14
votes

I found this recently: https://github.com/xoreaxeaxeax/movfuscator
It seems to be contingent on the fact that mov is turing-complete. Is that true, and why?

2

2 Answers

15
votes

Yes, x86's mov is Turing complete. I added that tag to your question because it may not be true for other ISAs with an instruction called mov, and the movfuscator compiler only targets x86.

It's not "mov" itself doing computation, it's x86 addressing modes which can do addition (and bit-shift). I haven't looked in detail at how it works, but it relies a lot on lookup tables, and stuff like mov eax, [base + eax*4] loading one of two possible values depending on EAX being 0 or 1.

Also remember that x86 mov has several forms: between memory and register (load, store, or reg<-reg), or immediate to memory or register. And with addressing modes including absolute and register indirect.

I don't think it relies on self-modifying code, but correct me if I'm wrong. (And if it does, I think/hope movfuscator at least won't create instructions other than mov. That would be cheating.)


Also, it's only sort of true; you need some way to loop the main program, assuming the original source isn't straight-line with no loops - the Movfuscator github readme talks about this:

While Dolan's paper required a jmp instruction, the M/o/Vfuscator does not - it uses a faulting mov instruction to achieve the infinite execution loop. If you're worried that this is still "jumping", the same effect could be achieved through pages aliased to the same address, wrapping execution around the upper range of memory, ring 0 exception handling, or simply repeating the mov loop indefinitely. A jmp is currently used to dispatch external functions - if this is a problem, avoid using external functions, or compile libraries with the M/o/Vfuscator as well.

When creating a user-space environment for mov-only code to run, I assume it creates a SIGSEGV handler (on POSIX OSes) that restarts execution from the top. So any faulting load can restart the main loop.

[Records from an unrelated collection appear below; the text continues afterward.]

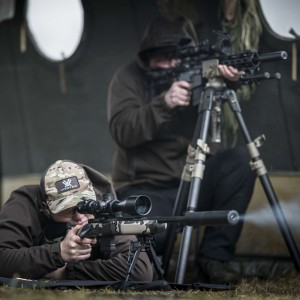 Luneta celownicza Vortex Venom 5-25x56 FFP 34 mm AO EBR-7C MOA/MRAD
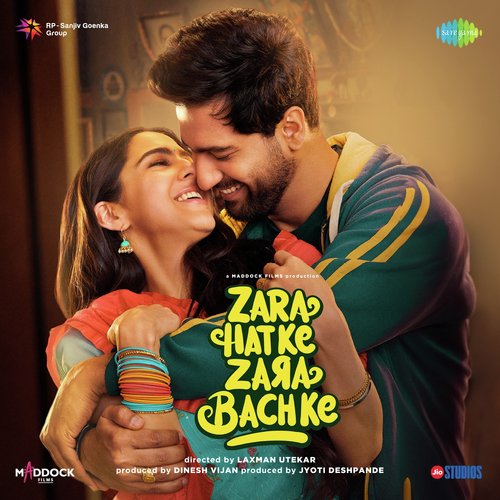 Phir Aur Kya Chahiye (From "Zara Hatke Zara Bachke") Lyics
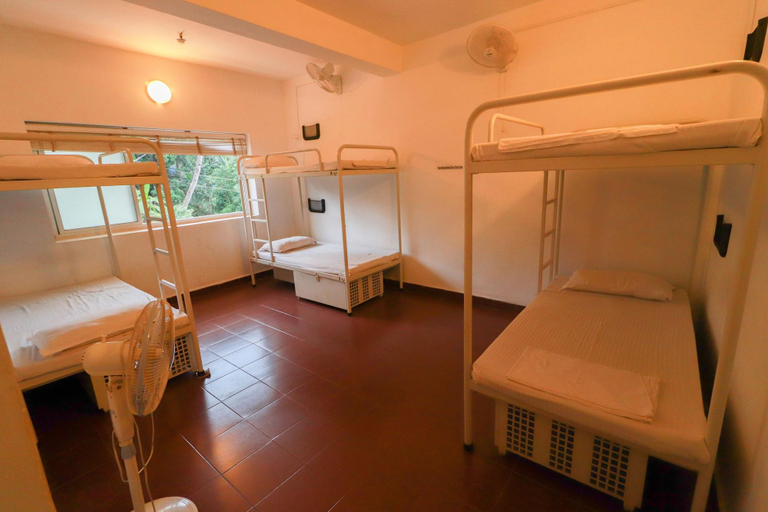 Bathroom 4, Summer Hostel, South Goa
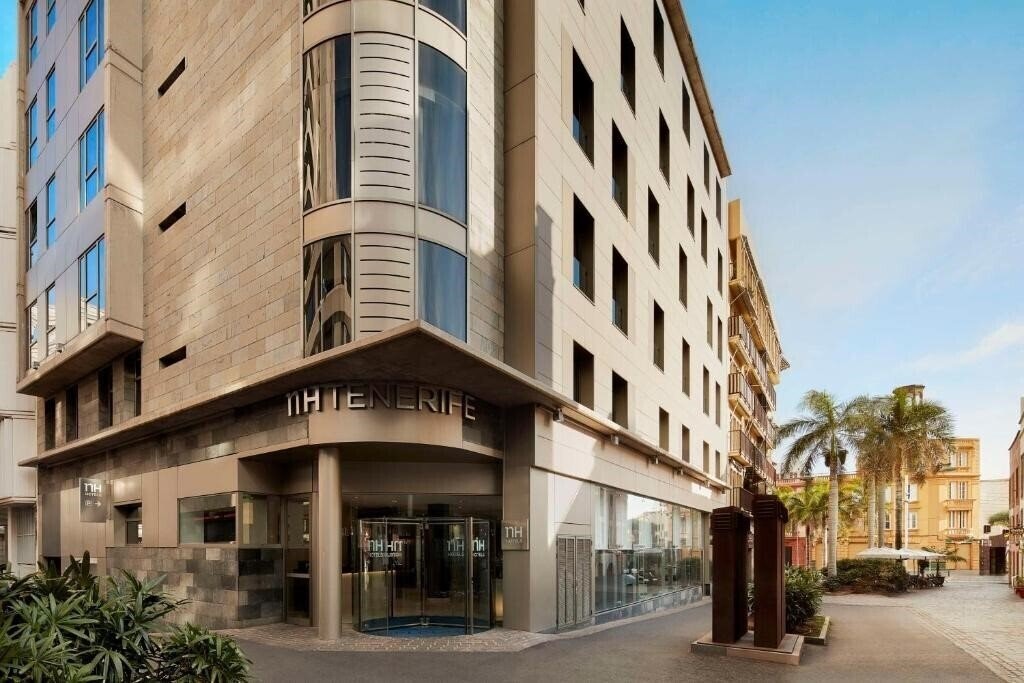 Фото Nh Tenerife 3*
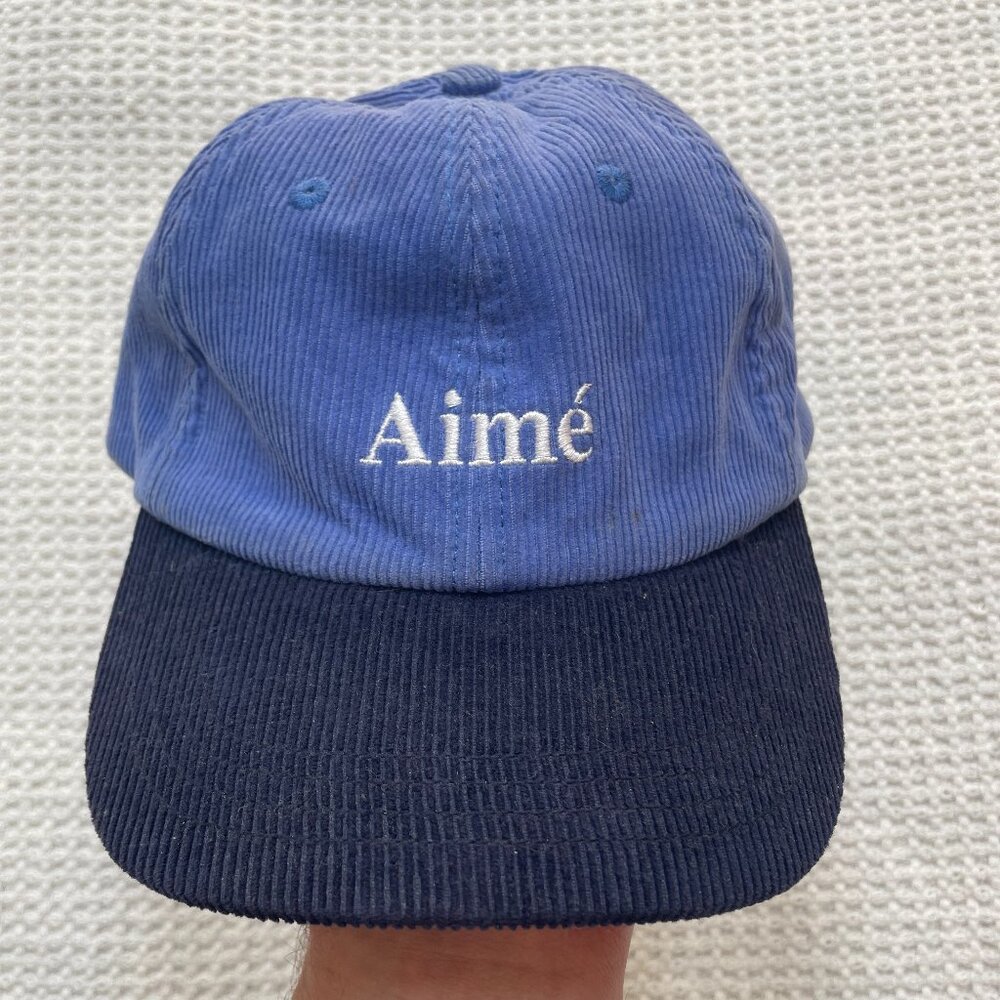 Aime Leon Dore CORDUROY 6-PANEL hat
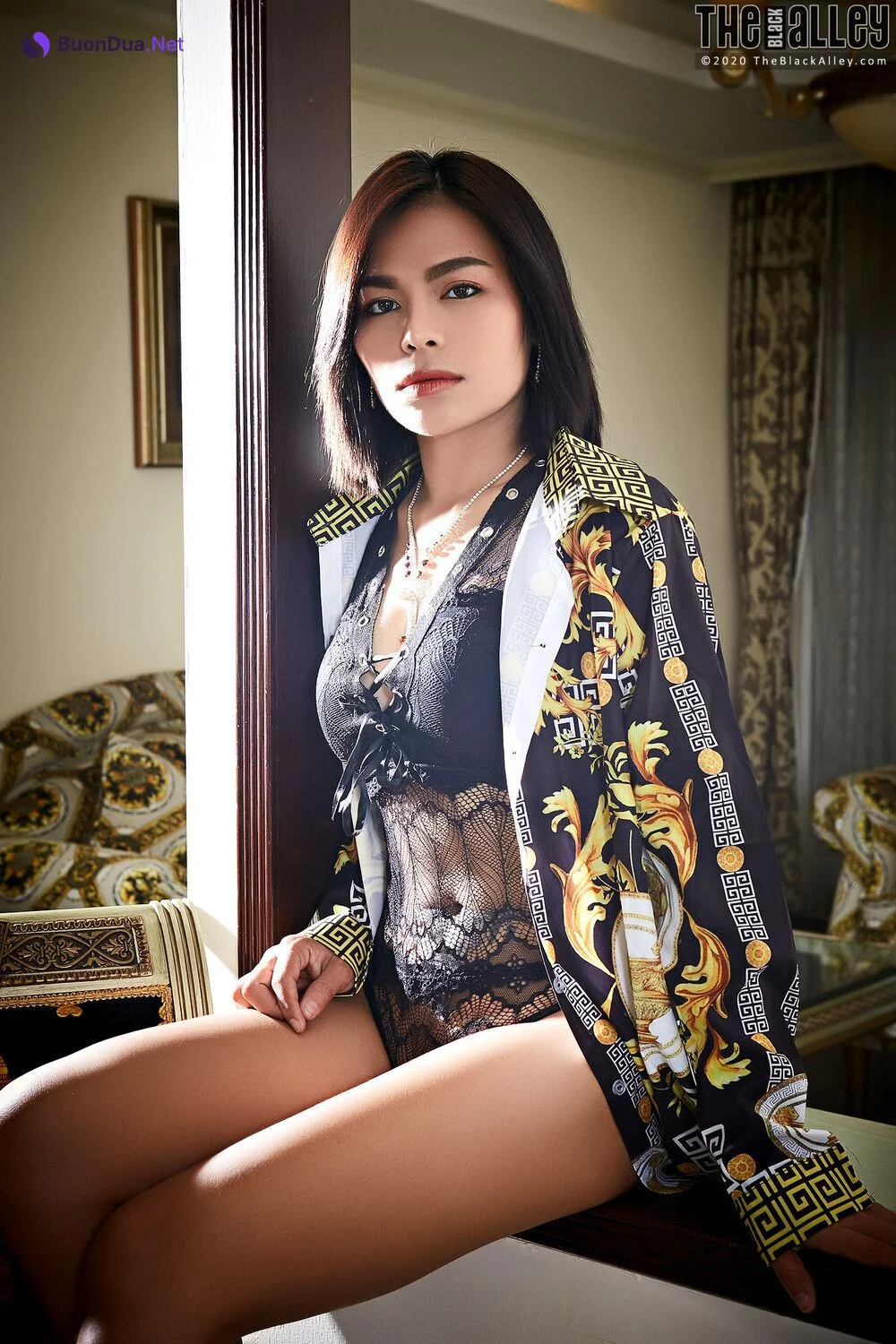 [The Black Alley] Pimpa Photo Set.01 (2020.11.09) - 사진 15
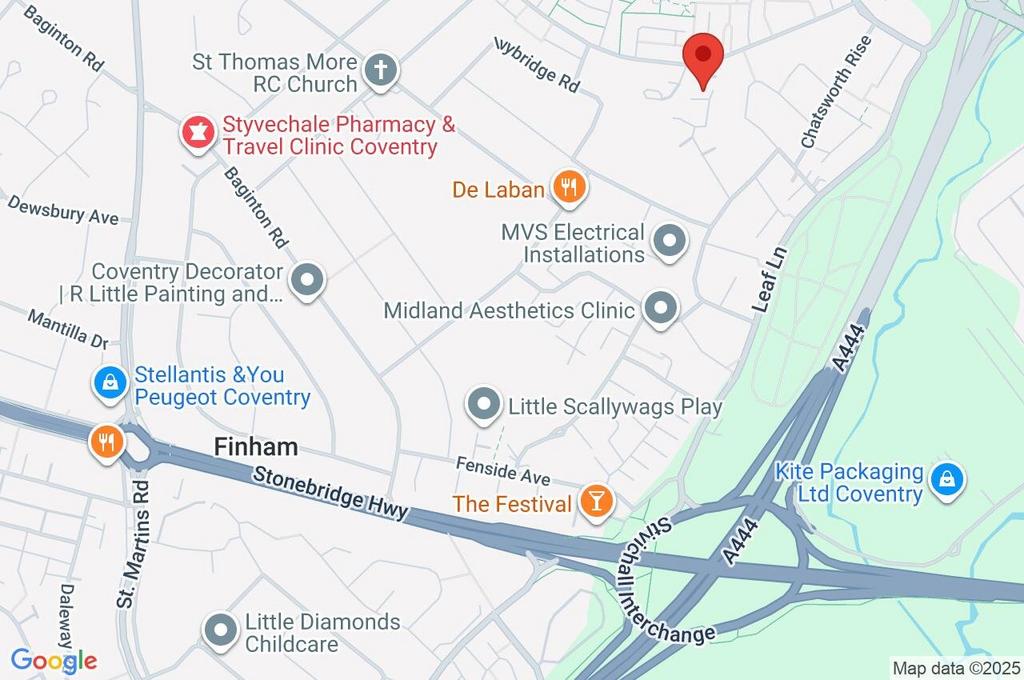 Google Maps Image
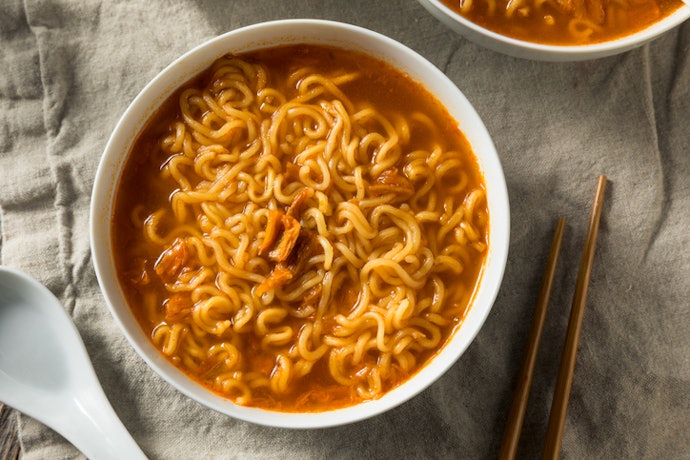 Noodles With Broth Provide a Hearty and Comforting Meal
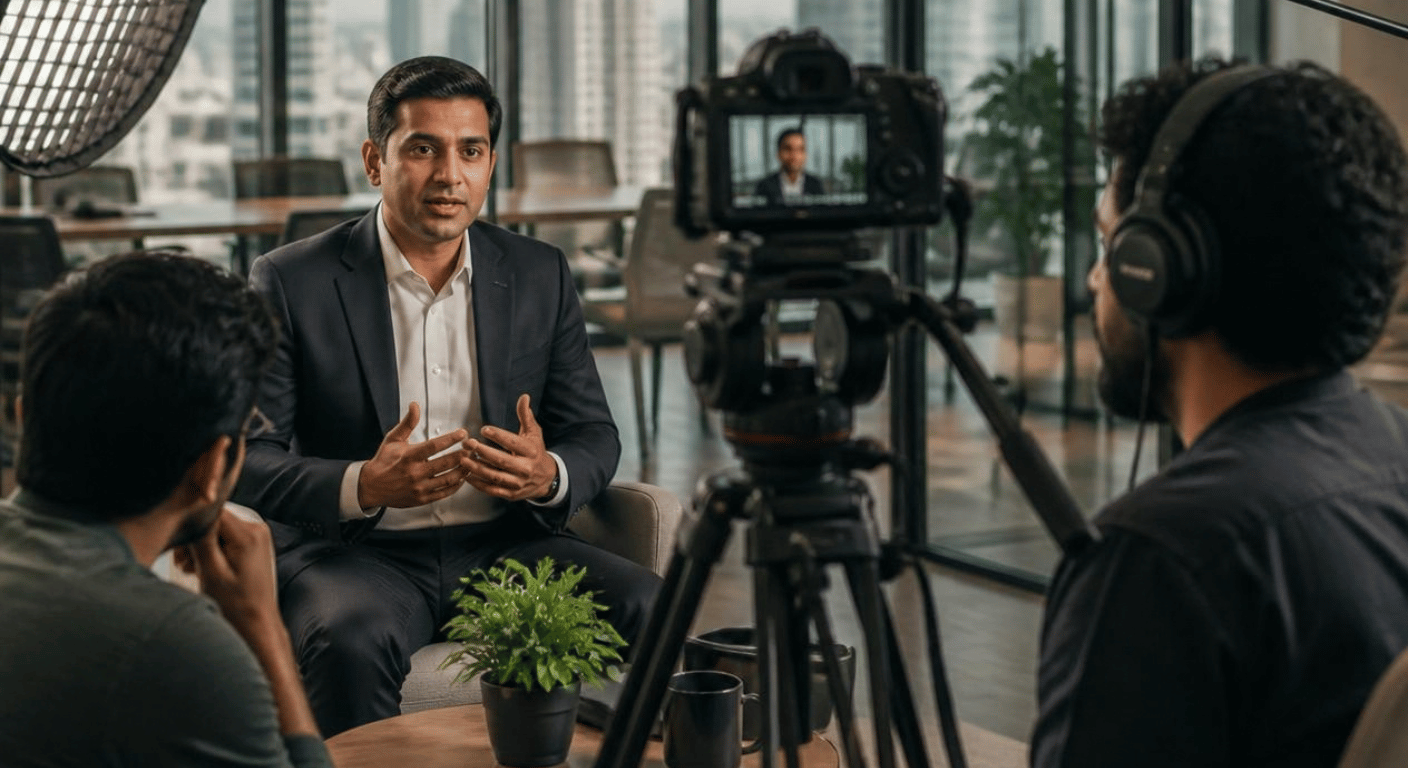 Customer testimonial videos for businesses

Letting execution wrap around is also mentioned as a possibility:

Wraparound of IP can work well in 16-bit mode where IP is 16-bit but CS:IP form a 20-bit linear address (real mode) or in 16-bit protected mode a 64k window somewhere in linear address space. i.e. you can have a 64k block of instructions in only part of your address space, with other space left for data. The DS segment can use a different base. (32-bit addressing modes in 16-bit mode are possible so you still have the full power of any register and scaled-index addressing mode.) Note that the mnemonic for reading and writing segment registers is also mov.

But harder in 32-bit mode where EIP is 32-bit and so are linear addresses after seg+off calculation. Unless there's some other trick, wraparound can only happen across the entire address space, regardless of what you do with segmentation. This leaves no non-code space for data. Setting a lower segment limit could make code-fetch fault, but that doesn't cause wraparound (unless you set a signal handler, or on bare metal set an interrupt handler address).

And either way, even x86-64 only has 64-bit pointers (in theory; 48 or 57-bit in practice), so space is finite, unlike a real Turing machine with infinite tape.

6
votes

Systems rarely come to be known as Turing Complete through direct proof of their capacity for all Turing-computable functions. Instead, they often are "analogized" to an existing system already known to be Turing Complete.

The paper by Stephen Dolan which shows mov to be TC does this by constructing a simulation of a TM system in terms of mov. It follows that any question which could be posed to the TC system could, at worst, be virtualized within the mov-constructed simulation.